**The task:** When you reach the line below that has "Stacking silt fence", start returning lines exactly, and stop after the line that has "Family Motors Acura"; skip the pictures.

[Data to examine — start]

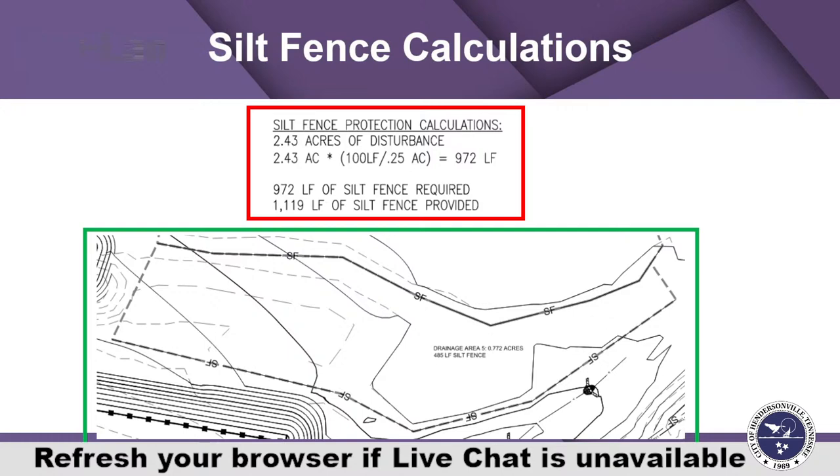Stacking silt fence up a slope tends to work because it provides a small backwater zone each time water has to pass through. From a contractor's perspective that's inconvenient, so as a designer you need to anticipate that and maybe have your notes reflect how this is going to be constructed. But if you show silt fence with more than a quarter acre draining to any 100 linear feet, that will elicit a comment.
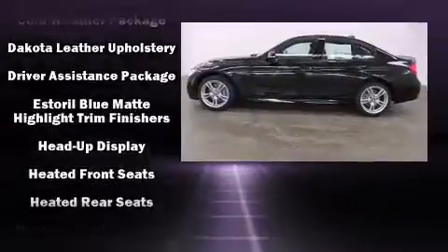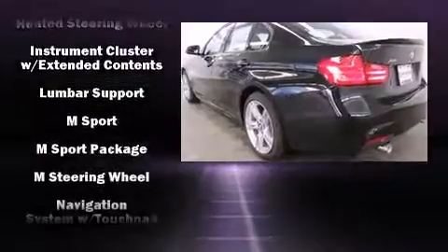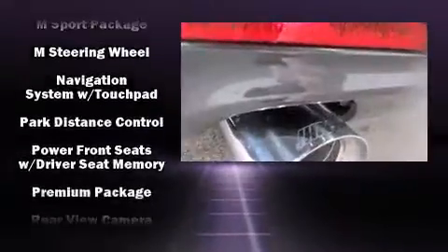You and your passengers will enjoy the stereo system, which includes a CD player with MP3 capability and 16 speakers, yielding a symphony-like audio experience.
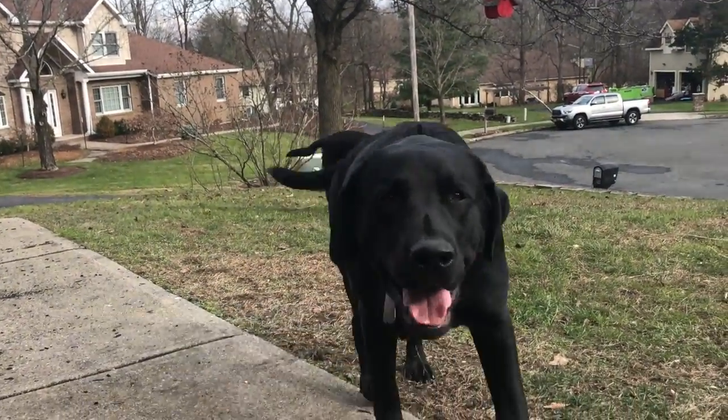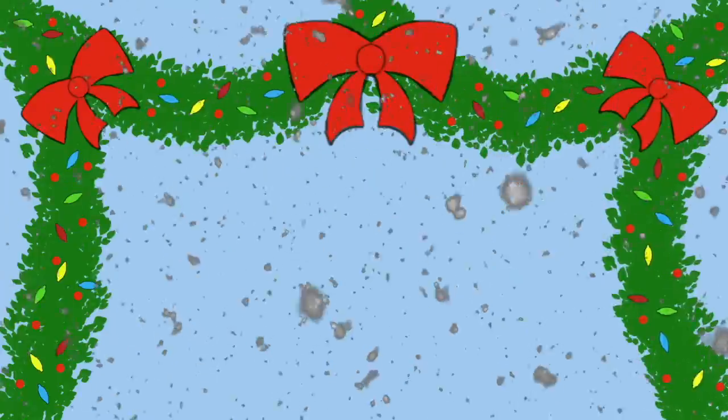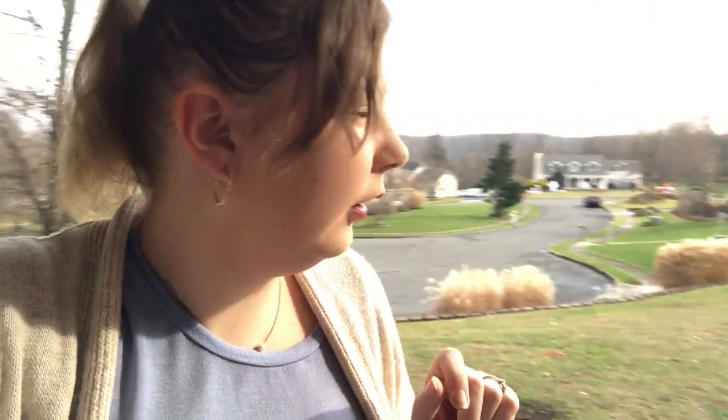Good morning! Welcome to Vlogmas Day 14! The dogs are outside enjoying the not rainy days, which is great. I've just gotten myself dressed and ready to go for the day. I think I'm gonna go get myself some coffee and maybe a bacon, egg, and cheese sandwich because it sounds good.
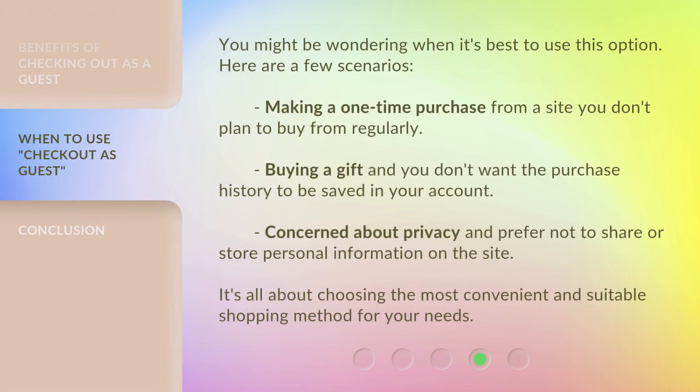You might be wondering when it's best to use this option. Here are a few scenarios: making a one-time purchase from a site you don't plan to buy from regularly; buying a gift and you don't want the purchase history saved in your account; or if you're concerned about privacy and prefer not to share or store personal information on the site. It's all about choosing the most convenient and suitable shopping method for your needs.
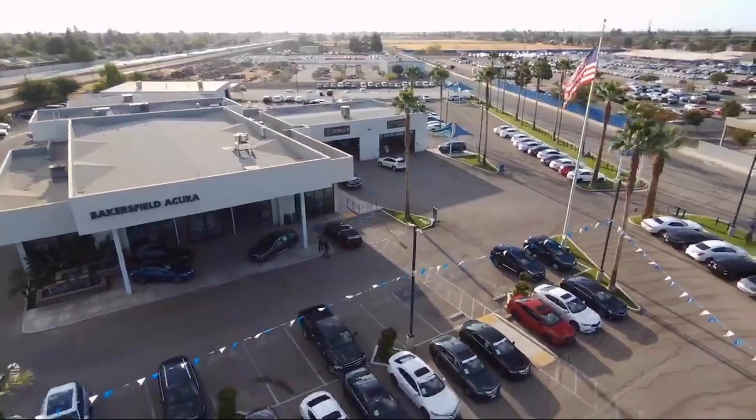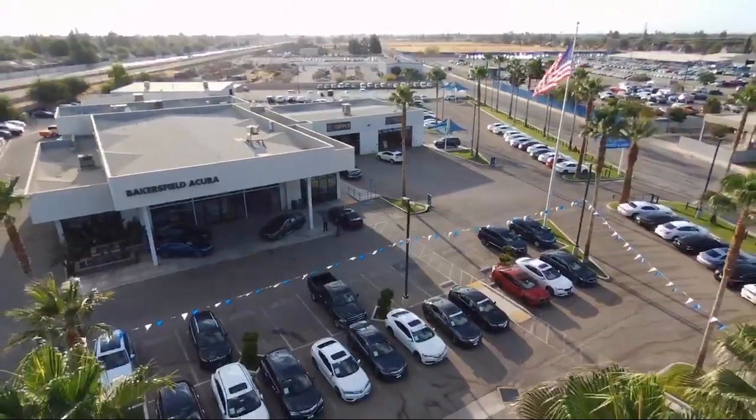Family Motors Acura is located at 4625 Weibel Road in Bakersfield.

[Data to examine — finish]
[Data to examine — start]

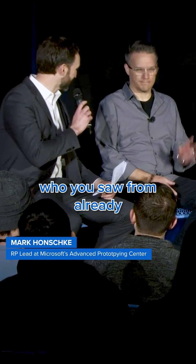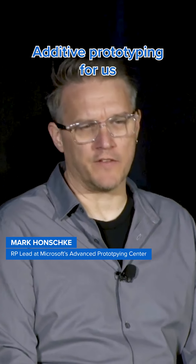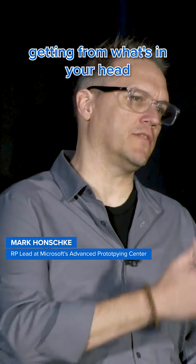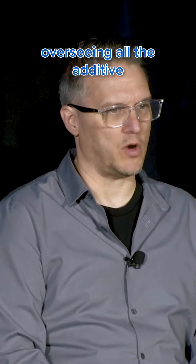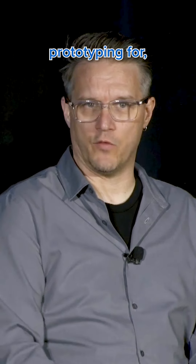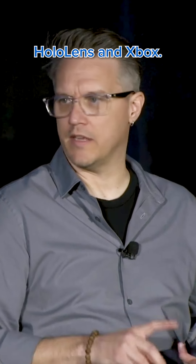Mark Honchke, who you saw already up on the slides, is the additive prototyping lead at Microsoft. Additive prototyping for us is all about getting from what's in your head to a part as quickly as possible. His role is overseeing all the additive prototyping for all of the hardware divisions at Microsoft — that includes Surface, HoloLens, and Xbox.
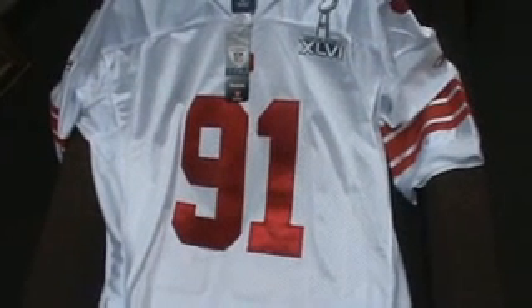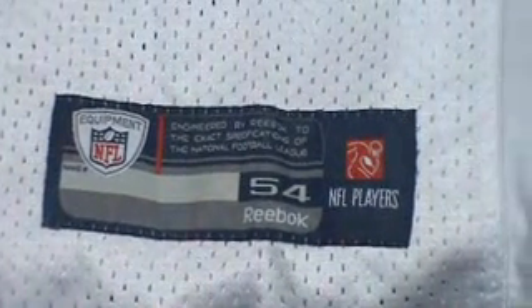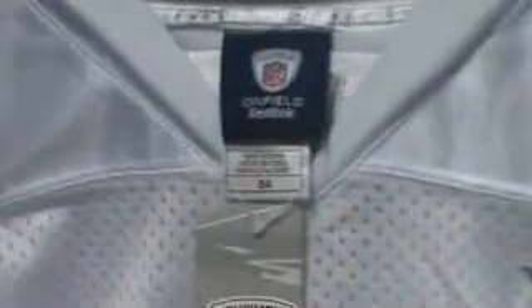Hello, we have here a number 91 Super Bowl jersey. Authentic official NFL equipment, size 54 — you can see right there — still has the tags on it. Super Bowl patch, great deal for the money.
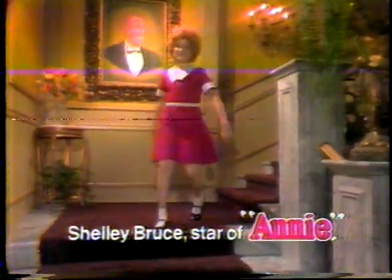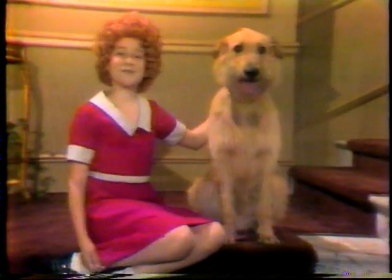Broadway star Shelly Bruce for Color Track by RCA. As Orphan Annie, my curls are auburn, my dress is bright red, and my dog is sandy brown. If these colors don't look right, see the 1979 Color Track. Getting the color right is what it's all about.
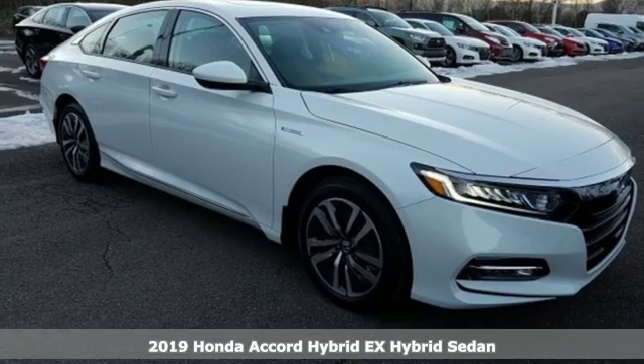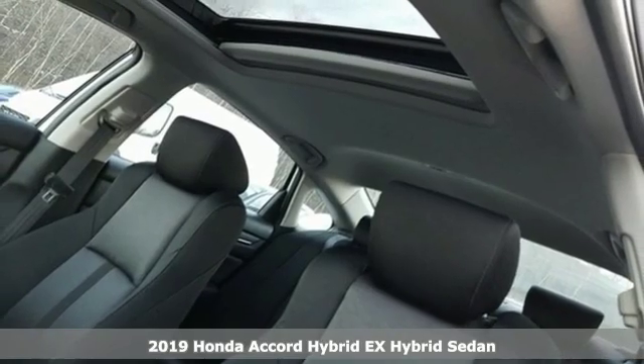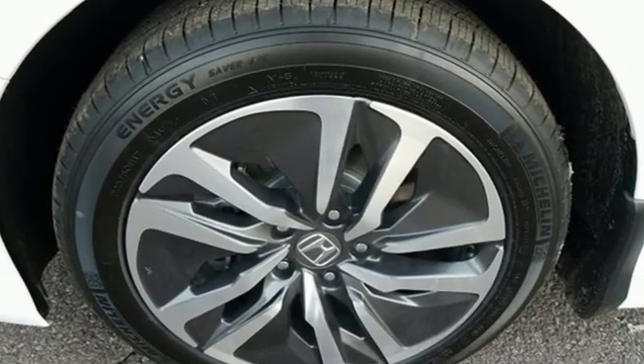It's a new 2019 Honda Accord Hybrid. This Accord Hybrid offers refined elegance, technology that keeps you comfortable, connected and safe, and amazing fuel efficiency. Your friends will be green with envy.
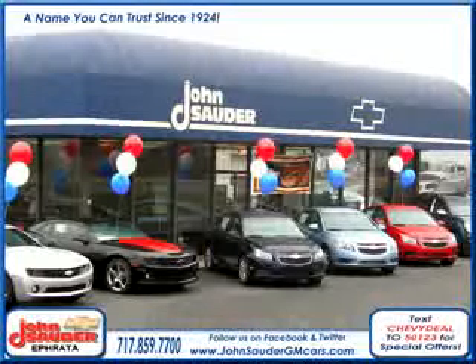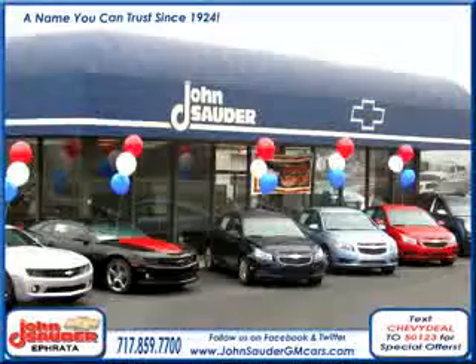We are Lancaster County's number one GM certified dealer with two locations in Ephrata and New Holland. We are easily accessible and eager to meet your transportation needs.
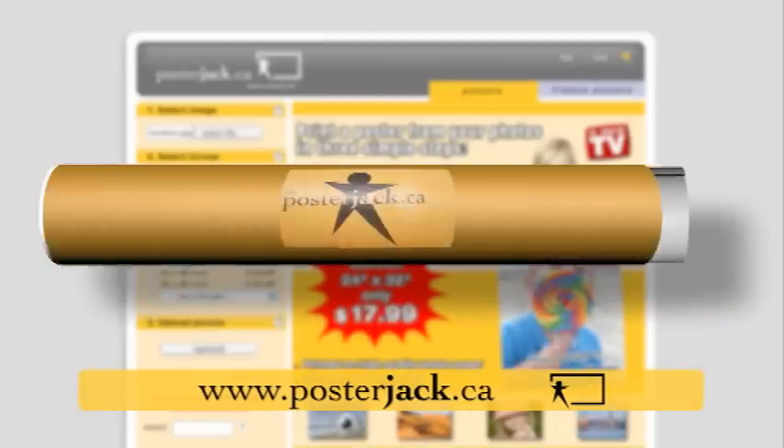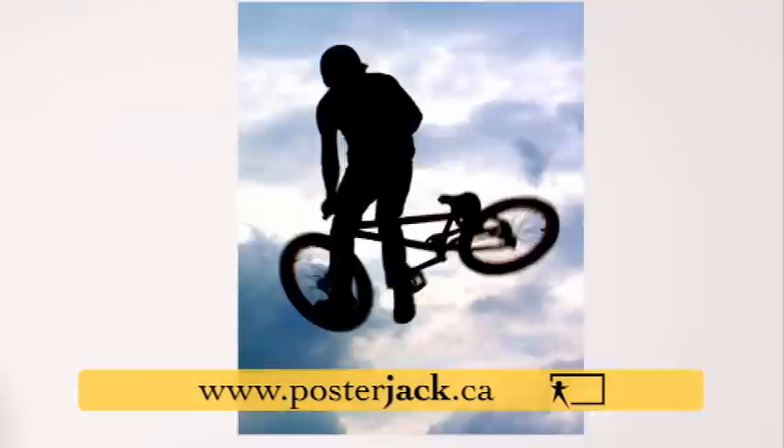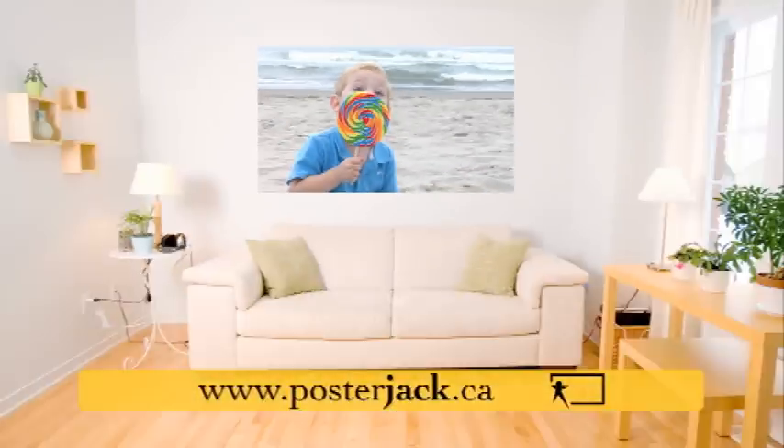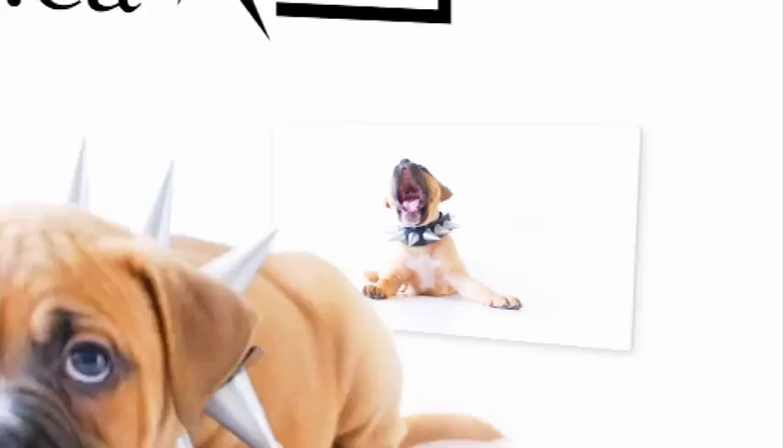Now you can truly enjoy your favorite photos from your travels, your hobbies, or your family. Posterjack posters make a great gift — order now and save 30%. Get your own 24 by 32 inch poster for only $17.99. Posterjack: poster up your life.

[Data to examine — finish]

**Solution below:**
Stacking silt fence up a slope tends to work because it provides a small backwater zone each time water has to pass through. From a contractor's perspective that's inconvenient, so as a designer you need to anticipate that and maybe have your notes reflect how this is going to be constructed. But if you show silt fence with more than a quarter acre draining to any 100 linear feet, that will elicit a comment.
You and your passengers will enjoy the stereo system, which includes a CD player with MP3 capability and 16 speakers, yielding a symphony-like audio experience.
Good morning! Welcome to Vlogmas Day 14! The dogs are outside enjoying the not rainy days, which is great. I've just gotten myself dressed and ready to go for the day. I think I'm gonna go get myself some coffee and maybe a bacon, egg, and cheese sandwich because it sounds good.
You might be wondering when it's best to use this option. Here are a few scenarios: making a one-time purchase from a site you don't plan to buy from regularly; buying a gift and you don't want the purchase history saved in your account; or if you're concerned about privacy and prefer not to share or store personal information on the site. It's all about choosing the most convenient and suitable shopping method for your needs.
Family Motors Acura is located at 4625 Weibel Road in Bakersfield.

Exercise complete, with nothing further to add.